EXERCISE REQUIREMENTS: Return the entries in full, exactly as they were written.

Start of PROVIDED RECORDS

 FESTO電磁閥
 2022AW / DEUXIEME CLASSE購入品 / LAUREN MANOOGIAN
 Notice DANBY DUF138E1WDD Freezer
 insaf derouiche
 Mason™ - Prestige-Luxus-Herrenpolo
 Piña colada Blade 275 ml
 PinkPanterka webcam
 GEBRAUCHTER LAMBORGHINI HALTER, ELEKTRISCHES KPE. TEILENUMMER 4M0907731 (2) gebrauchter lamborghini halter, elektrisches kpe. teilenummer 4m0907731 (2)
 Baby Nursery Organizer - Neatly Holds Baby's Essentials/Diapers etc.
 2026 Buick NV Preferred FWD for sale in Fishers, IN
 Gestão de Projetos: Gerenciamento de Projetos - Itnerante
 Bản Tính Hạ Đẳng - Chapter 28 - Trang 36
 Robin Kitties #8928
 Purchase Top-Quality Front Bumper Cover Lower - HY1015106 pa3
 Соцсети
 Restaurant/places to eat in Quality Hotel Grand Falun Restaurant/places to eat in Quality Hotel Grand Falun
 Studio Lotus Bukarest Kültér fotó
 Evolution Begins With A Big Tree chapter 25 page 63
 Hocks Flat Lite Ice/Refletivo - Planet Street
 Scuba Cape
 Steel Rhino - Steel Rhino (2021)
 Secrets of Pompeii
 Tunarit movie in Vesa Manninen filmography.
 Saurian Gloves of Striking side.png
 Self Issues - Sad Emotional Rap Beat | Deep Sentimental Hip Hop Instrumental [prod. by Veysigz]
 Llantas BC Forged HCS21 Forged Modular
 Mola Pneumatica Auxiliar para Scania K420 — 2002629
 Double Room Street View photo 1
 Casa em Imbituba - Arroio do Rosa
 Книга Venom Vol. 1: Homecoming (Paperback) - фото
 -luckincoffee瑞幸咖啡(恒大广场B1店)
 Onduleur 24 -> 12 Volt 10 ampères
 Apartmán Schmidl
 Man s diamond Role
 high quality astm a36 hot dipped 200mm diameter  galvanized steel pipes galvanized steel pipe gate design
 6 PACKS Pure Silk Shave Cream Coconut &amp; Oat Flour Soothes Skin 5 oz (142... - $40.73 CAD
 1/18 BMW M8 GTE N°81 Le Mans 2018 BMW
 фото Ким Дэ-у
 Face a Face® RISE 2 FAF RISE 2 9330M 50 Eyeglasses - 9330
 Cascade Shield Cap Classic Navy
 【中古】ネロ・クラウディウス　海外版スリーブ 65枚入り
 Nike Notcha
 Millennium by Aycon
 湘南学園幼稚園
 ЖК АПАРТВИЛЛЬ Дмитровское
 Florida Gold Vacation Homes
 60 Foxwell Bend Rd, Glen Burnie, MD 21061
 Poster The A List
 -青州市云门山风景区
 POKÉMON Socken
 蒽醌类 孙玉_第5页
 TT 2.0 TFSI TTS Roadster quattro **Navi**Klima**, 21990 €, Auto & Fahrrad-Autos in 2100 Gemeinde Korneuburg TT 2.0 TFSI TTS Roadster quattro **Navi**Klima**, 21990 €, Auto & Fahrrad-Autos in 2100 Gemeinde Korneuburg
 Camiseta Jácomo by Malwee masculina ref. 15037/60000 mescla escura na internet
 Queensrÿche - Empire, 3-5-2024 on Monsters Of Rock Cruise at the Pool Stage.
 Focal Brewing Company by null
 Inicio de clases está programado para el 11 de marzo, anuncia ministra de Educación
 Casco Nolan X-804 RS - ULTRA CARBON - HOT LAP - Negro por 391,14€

End of PROVIDED RECORDS

REPLY:
 FESTO電磁閥
 2022AW / DEUXIEME CLASSE購入品 / LAUREN MANOOGIAN
 Notice DANBY DUF138E1WDD Freezer
 insaf derouiche
 Mason™ - Prestige-Luxus-Herrenpolo
 Piña colada Blade 275 ml
 PinkPanterka webcam
 GEBRAUCHTER LAMBORGHINI HALTER, ELEKTRISCHES KPE. TEILENUMMER 4M0907731 (2) gebrauchter lamborghini halter, elektrisches kpe. teilenummer 4m0907731 (2)
 Baby Nursery Organizer - Neatly Holds Baby's Essentials/Diapers etc.
 2026 Buick NV Preferred FWD for sale in Fishers, IN
 Gestão de Projetos: Gerenciamento de Projetos - Itnerante
 Bản Tính Hạ Đẳng - Chapter 28 - Trang 36
 Robin Kitties #8928
 Purchase Top-Quality Front Bumper Cover Lower - HY1015106 pa3
 Соцсети
 Restaurant/places to eat in Quality Hotel Grand Falun Restaurant/places to eat in Quality Hotel Grand Falun
 Studio Lotus Bukarest Kültér fotó
 Evolution Begins With A Big Tree chapter 25 page 63
 Hocks Flat Lite Ice/Refletivo - Planet Street
 Scuba Cape
 Steel Rhino - Steel Rhino (2021)
 Secrets of Pompeii
 Tunarit movie in Vesa Manninen filmography.
 Saurian Gloves of Striking side.png
 Self Issues - Sad Emotional Rap Beat | Deep Sentimental Hip Hop Instrumental [prod. by Veysigz]
 Llantas BC Forged HCS21 Forged Modular
 Mola Pneumatica Auxiliar para Scania K420 — 2002629
 Double Room Street View photo 1
 Casa em Imbituba - Arroio do Rosa
 Книга Venom Vol. 1: Homecoming (Paperback) - фото
 -luckincoffee瑞幸咖啡(恒大广场B1店)
 Onduleur 24 -> 12 Volt 10 ampères
 Apartmán Schmidl
 Man s diamond Role
 high quality astm a36 hot dipped 200mm diameter  galvanized steel pipes galvanized steel pipe gate design
 6 PACKS Pure Silk Shave Cream Coconut &amp; Oat Flour Soothes Skin 5 oz (142... - $40.73 CAD
 1/18 BMW M8 GTE N°81 Le Mans 2018 BMW
 фото Ким Дэ-у
 Face a Face® RISE 2 FAF RISE 2 9330M 50 Eyeglasses - 9330
 Cascade Shield Cap Classic Navy
 【中古】ネロ・クラウディウス　海外版スリーブ 65枚入り
 Nike Notcha
 Millennium by Aycon
 湘南学園幼稚園
 ЖК АПАРТВИЛЛЬ Дмитровское
 Florida Gold Vacation Homes
 60 Foxwell Bend Rd, Glen Burnie, MD 21061
 Poster The A List
 -青州市云门山风景区
 POKÉMON Socken
 蒽醌类 孙玉_第5页
 TT 2.0 TFSI TTS Roadster quattro **Navi**Klima**, 21990 €, Auto & Fahrrad-Autos in 2100 Gemeinde Korneuburg TT 2.0 TFSI TTS Roadster quattro **Navi**Klima**, 21990 €, Auto & Fahrrad-Autos in 2100 Gemeinde Korneuburg
 Camiseta Jácomo by Malwee masculina ref. 15037/60000 mescla escura na internet
 Queensrÿche - Empire, 3-5-2024 on Monsters Of Rock Cruise at the Pool Stage.
 Focal Brewing Company by null
 Inicio de clases está programado para el 11 de marzo, anuncia ministra de Educación
 Casco Nolan X-804 RS - ULTRA CARBON - HOT LAP - Negro por 391,14€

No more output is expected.